HISKI Raih Piagam Penghargaan pada Penutupan Pertemuan Penyair Nusantara XIII

Himpunan Sarjana-Kesusastraan Indonesia (HISKI) menerima penghargaan dari Badan Pengembangan dan Pembinaan Bahasa, yang berada di bawah naungan Kementerian Pendidikan Dasar dan Menengah. Penghargaan ini diberikan sebagai bentuk pengakuan atas kontribusi HISKI dalam mendorong literasi, kritik sastra, dan apresiasi sastra di Indonesia.

Penghargaan bernomor 4805/L13/BS.01.01/2025 tersebut diserahkan secara simbolis dalam acara Malam Penutupan Pertemuan Penyair Nusantara (PPN) XIII yang berlangsung pada Sabtu, 13 September 2025, pukul 18.00–22.00 WIB di kantor Badan Bahasa, Rawamangun, Jakarta Timur.

 

Dalam undangan resmi yang ditandatangani oleh Drs.

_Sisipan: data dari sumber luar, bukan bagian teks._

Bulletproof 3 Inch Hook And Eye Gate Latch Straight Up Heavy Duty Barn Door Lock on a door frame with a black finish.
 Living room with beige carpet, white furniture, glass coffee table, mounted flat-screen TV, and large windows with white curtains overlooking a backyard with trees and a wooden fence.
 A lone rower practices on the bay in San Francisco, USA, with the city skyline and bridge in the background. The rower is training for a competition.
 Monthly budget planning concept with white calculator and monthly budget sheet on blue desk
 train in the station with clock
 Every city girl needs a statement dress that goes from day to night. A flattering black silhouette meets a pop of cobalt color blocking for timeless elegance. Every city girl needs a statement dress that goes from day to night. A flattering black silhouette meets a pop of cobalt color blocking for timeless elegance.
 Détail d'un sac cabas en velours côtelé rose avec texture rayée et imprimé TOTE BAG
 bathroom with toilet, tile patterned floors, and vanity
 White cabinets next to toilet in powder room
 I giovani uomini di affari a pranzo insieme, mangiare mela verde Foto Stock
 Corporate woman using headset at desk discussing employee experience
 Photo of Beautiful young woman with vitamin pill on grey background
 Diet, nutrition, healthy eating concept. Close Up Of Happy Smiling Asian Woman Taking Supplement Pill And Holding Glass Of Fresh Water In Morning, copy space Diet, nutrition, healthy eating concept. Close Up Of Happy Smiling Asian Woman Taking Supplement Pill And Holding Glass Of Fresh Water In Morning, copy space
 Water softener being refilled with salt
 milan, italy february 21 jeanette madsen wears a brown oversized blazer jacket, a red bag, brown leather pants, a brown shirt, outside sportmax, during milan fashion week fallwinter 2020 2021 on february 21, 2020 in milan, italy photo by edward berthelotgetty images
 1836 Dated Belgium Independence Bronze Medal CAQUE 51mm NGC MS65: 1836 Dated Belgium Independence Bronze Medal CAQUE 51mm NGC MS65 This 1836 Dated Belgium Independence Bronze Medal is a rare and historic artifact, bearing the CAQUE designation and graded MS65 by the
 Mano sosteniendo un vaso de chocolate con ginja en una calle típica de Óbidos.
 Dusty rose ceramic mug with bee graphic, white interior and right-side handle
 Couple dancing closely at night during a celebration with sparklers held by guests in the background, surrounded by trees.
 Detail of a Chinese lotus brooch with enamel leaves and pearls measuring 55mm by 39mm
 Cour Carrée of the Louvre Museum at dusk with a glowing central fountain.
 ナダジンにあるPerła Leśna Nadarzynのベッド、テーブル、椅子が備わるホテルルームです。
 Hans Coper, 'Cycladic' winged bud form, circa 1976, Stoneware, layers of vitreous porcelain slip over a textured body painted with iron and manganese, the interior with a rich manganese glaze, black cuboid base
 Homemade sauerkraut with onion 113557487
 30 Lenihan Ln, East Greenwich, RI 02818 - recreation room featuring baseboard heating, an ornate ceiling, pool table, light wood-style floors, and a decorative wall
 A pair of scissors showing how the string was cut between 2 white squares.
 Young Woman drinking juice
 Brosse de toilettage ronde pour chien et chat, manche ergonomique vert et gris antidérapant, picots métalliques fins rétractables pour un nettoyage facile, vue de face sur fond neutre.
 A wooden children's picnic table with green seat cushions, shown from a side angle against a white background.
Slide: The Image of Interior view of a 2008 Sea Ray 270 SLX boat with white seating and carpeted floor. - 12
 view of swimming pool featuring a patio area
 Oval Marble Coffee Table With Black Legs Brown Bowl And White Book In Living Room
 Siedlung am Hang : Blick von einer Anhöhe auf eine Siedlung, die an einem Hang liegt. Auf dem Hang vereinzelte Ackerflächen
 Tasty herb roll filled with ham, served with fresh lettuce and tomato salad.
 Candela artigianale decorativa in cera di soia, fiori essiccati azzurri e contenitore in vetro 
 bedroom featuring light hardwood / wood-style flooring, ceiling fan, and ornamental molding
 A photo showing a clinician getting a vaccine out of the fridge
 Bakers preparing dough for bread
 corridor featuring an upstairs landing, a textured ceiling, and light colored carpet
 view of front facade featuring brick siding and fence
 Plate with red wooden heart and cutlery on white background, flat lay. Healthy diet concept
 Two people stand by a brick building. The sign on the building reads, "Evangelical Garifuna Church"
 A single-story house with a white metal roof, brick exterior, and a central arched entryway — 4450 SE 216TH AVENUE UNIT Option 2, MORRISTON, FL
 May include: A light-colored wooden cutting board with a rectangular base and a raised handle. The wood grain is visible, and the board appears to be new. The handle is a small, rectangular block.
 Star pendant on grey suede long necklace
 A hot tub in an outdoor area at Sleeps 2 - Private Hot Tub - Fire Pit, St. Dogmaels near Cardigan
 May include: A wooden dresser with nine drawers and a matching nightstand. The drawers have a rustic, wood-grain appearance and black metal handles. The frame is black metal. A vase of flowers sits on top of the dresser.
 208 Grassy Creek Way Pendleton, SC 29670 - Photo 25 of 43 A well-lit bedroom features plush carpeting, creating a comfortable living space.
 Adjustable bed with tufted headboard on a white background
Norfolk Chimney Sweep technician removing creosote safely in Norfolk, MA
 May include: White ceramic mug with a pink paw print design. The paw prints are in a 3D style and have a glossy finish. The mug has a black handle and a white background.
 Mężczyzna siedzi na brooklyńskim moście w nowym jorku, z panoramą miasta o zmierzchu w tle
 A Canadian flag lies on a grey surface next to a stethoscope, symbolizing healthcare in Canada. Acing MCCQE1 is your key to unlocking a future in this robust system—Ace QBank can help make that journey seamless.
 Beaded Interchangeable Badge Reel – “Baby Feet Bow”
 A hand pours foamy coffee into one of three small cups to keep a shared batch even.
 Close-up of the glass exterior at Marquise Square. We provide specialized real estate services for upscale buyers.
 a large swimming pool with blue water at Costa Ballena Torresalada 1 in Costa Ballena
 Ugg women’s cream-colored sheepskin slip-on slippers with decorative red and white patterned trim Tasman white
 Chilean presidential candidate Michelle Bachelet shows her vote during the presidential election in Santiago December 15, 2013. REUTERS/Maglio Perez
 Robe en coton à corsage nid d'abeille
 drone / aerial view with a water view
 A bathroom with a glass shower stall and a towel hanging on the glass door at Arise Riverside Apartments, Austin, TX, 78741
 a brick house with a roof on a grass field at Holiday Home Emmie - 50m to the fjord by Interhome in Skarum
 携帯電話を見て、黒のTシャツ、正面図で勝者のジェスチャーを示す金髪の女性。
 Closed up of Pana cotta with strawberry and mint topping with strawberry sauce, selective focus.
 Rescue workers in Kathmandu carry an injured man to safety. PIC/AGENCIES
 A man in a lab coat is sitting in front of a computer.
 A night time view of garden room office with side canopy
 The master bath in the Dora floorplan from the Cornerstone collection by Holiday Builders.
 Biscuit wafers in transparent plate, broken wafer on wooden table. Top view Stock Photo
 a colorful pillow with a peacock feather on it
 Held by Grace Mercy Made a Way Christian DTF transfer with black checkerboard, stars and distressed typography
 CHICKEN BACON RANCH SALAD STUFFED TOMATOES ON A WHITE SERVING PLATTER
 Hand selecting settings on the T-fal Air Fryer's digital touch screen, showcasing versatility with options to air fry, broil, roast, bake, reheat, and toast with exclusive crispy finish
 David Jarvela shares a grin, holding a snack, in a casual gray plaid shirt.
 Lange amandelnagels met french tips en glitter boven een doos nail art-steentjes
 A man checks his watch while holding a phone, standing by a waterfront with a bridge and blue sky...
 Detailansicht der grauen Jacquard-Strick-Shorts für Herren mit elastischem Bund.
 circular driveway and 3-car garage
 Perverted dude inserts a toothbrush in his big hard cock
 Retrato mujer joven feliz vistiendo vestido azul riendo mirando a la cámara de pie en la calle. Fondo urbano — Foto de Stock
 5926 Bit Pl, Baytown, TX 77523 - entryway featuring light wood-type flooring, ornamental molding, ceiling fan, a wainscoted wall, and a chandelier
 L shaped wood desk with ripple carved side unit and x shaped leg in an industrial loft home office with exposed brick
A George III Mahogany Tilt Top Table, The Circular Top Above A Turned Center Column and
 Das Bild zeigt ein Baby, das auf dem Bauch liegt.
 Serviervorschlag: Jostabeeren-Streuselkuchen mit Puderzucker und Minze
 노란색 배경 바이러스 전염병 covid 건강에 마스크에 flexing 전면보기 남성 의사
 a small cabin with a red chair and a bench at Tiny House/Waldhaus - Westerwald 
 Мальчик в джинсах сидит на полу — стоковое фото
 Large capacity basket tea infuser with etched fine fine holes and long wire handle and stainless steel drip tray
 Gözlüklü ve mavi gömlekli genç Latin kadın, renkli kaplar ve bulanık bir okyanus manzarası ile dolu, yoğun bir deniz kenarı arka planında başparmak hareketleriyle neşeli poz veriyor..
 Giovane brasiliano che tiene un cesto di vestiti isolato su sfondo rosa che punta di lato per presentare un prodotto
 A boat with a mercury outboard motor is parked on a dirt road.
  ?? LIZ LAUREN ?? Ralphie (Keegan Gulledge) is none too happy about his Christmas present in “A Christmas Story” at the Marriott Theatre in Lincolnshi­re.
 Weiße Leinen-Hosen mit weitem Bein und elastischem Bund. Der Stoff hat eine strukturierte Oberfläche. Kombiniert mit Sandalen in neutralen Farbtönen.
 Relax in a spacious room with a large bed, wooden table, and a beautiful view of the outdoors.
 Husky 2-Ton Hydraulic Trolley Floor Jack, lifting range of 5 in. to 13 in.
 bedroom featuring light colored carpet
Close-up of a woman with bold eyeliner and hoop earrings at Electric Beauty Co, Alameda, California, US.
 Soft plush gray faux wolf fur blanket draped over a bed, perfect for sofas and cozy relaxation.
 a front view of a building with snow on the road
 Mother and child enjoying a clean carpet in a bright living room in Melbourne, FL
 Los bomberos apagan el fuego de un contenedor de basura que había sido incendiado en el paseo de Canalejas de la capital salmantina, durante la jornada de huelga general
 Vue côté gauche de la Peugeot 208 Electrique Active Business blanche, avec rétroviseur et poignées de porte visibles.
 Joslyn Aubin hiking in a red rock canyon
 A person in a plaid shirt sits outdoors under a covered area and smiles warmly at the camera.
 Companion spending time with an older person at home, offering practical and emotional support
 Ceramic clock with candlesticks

Imam Budi Utomo, M.Hum., selaku Kepala Pusat Pembinaan Bahasa dan Sastra, HISKI diundang secara khusus sebagai salah satu dari 35 komunitas sastra penerima program Fasilitasi dan Apresiasi bagi Kelompok Masyarakat Tahun 2025. Piagam ini menjadi bukti nyata komitmen pemerintah dalam mendukung komunitas sastra yang aktif menjaga semangat literasi nasional.

Acara penutupan PPN XIII menjadi ruang pertemuan para penyair dari berbagai daerah di Nusantara dan memperkuat jaringan kultural dan literasi di Indonesia. Keterlibatan HISKI menunjukkan perannya sebagai jembatan antara dunia akademik dan ruang kreatif para penyair serta sastrawan.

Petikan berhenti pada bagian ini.